Multiple Sequence Alignment:
To run a demo of this code, you need to follow these steps:
- Download the package and go to that folder
git clone https://github.com/jalayrac/instructionVideos.git
cd instructionVideos
- Download and unpack the preprocessed features
wget -P data http://www.di.ens.fr/willow/research/instructionvideos/release/NLP_data.zip
unzip data/NLP_data.zip -d data
- Go in the corresponding folder
cd nlp_utils
- Open MATLAB and run
compile.m
launching_script.m
Discriminative clustering under text constraints:
Note, that you don't need to run the first stage to be able to launch this demo as we provide mat files of results for the first stage (see instructions below). To run a demo of this code, you need to follow these steps:
- Download the package and go to that folder
git clone https://github.com/jalayrac/instructionVideos.git
cd instructionVideos
- Download and unpack the preprocessed features (both for NLP and VISION)
wget -P data http://www.di.ens.fr/willow/research/instructionvideos/release/NLP_data.zip
wget -P data http://www.di.ens.fr/willow/research/instructionvideos/release/VISION_data.zip
unzip data/NLP_data.zip -d data
unzip data/VISION_data.zip -d data
- Download and unpack the preprocessed results of the first stage:
wget -P results http://www.di.ens.fr/willow/research/instructionvideos/release/NLP_results.zip
unzip results/NLP_results.zip -d results
- Go in the corresponding folder
cd cv_utils
- Open MATLAB and run
compile.m
launching_script.m
Evaluation
The authors provide the preprocessed results so that one can reproduce the results of the paper. To reproduce our result plots, please follow these steps:
- Download the package and go to that folder
git clone https://github.com/jalayrac/instructionVideos.git
cd instructionVideos
- Download and unpack the preprocessed results, both for NLP and VISION
wget -P results http://www.di.ens.fr/willow/research/instructionvideos/release/NLP_results.zip
unzip results/NLP_results.zip -d results
wget -P results http://www.di.ens.fr/willow/research/instructionvideos/release/VISION_results.zip
unzip results/VISION_results.zip -d results
- Download and unpack the preprocessed data for NLP (for qualitative)
wget -P data http://www.di.ens.fr/willow/research/instructionvideos/release/NLP_data.zip
unzip data/NLP_data.zip -d data
- Go in the corresponding folder
cd display_res
- Open MATLAB and run (for NLP qual. results)
display_res_NLP.m
- Open MATLAB and run (for temporal localization results)
display_res_VISION.m
Features
If you want to run this code on new data, you will need to process the data as follows. If you need more details on this don't hesitate to email the first author of the paper.
NLP
To obtain the direct object relations, we used the Stanford Parser 3.5.1 available here. We first construct a dictionary of direct object relations ranked by their number of apparitions in all our corpus. The indexing is based on this ranking (see count_files folder for a given task.)

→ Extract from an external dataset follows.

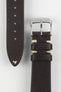 RIOS1931 INZELL Retro Organic Leather Watch Strap in MOCHA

For each video, we created a *.trlst file. For each dobj pronounced during the video, it has a new line containing:
- The index of the corresponding dobj in our dictionary
- The start time in the video (coming from subtitles)
- The end time in the video (coming from subtitles)
We then used the nltk python package to obtain the distance between dobj (WordNet interface). This allows us to obtain the sim_mat matrix.
VISION
The data for VISION contains two folders:
- videos_info: This folder contains video information for each video (FPS, number of frames...)
- features: This folder contains a mat file. This mat file is a struct containing all the features, ground truth, different information needed to be able to launch the second stage of the method. The features used here are a concatenation of a Bag-Of-Words of Improved Dense Trajectories, and CNN representation obtained with MatConvNet. Please see the paper for detailed explanations.